Source material START

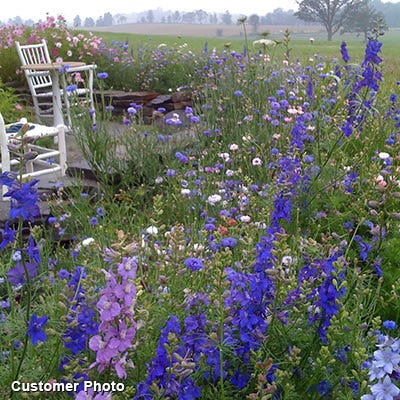 Golf Course Sustainability Wildflower Seed Mix - Image 10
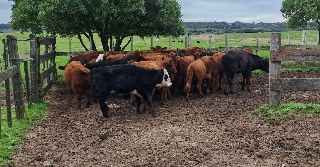 Lote Pend.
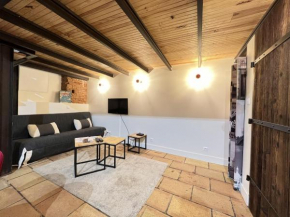 Pet-friendly apartment in Toulouse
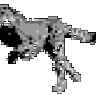 cooljeba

Source material END

== What you are asked to do ==
The expected output is the whole listing, word for word, minus its pictures.

== Result ==
 Golf Course Sustainability Wildflower Seed Mix - Image 10
 Lote Pend.
 Pet-friendly apartment in Toulouse
 cooljeba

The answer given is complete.